Different bioinformatics methods were applied to deconvolute immune cell populations from bulk transcriptome data using immune cell–specific signatures (CIBERSORT, XCELL, MCPcounter, Epic) and microenvironment composition signatures (ESTIMATE). N = 98 samples. Source data are provided as a Source Data file. Global immune infiltration (estimated from transcriptomic profiles using the ESTIMATE algorithm) was associated to TMB (a), prior FGFR inhibitor therapy (N = 88 naive and N = 10 treated patients) (b), prior immunotherapy (N = 80 naive and N = 18 treated patients) (c), and biopsy sampling site (N = 20 lung; N = 34 lymph nodes; N = 25 liver and N = 19 other) (d).
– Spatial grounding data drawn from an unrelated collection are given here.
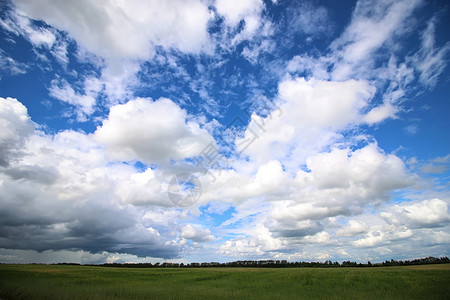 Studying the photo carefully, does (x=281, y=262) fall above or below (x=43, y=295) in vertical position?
above

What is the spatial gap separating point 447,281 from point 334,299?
17533 millimetres

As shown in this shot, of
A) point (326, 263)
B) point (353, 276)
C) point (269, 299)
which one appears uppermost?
point (326, 263)

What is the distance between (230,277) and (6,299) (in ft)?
120

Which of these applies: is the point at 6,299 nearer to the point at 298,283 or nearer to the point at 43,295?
the point at 43,295

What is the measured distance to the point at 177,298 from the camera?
2220 centimetres

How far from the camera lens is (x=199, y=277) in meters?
46.6

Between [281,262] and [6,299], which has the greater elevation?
[281,262]

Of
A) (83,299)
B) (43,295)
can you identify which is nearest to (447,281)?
(83,299)

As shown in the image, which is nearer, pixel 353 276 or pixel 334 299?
pixel 334 299

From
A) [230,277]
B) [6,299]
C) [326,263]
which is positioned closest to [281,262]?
[326,263]

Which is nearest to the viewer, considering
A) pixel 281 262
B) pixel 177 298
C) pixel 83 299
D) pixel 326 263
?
pixel 83 299

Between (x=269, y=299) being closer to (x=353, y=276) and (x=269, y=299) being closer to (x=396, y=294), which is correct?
(x=396, y=294)

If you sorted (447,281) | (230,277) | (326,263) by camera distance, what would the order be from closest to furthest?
(447,281) < (230,277) < (326,263)

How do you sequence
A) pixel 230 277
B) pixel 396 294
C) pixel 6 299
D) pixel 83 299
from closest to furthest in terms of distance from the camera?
pixel 6 299 < pixel 83 299 < pixel 396 294 < pixel 230 277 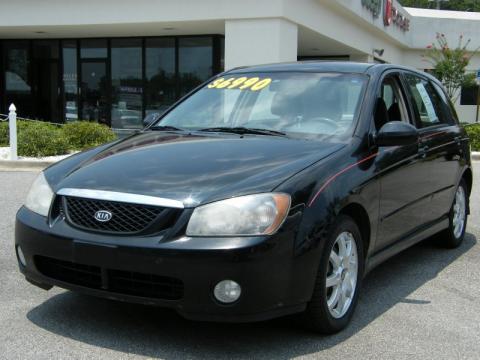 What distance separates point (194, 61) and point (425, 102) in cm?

Whiskers box plot represent interquartiles with 1.5x IQR, and outliers dots. e Subtype-specific immune enrichment in eMIBC vs mUC. The level of immune and stromal infiltration (estimated by MCPcounter in upper panel and ESTIMATE in lower panel) was compared in one subtype versus the others, or in FGFR3-mutated tumors vs wild-type, in either mUC after removing lymph-node biopsies (left panel) or in eMIBC from the TCGA (right panel). f Forest plot of univariate survival models in mUC of stromal and immune estimates, stratified by presence of visceral metastasis and lymph node biopsy site. The squares represent HR with the confidence intervals in gray lines. Two-tailed Mann–Whitney test was applied g Forest plot of univariate survival models in eMIBC of stromal and immune estimates. The squares represent HR with the confidence intervals in gray lines. Two-tailed Mann–Whitney test was applied. TMB Tumor Mutational Burden, LN lymph node, MCP Microenvironment Cell Population, HR Hazard Ratio. N = 98 mUC versus N = 408 eMIBC from TCGA.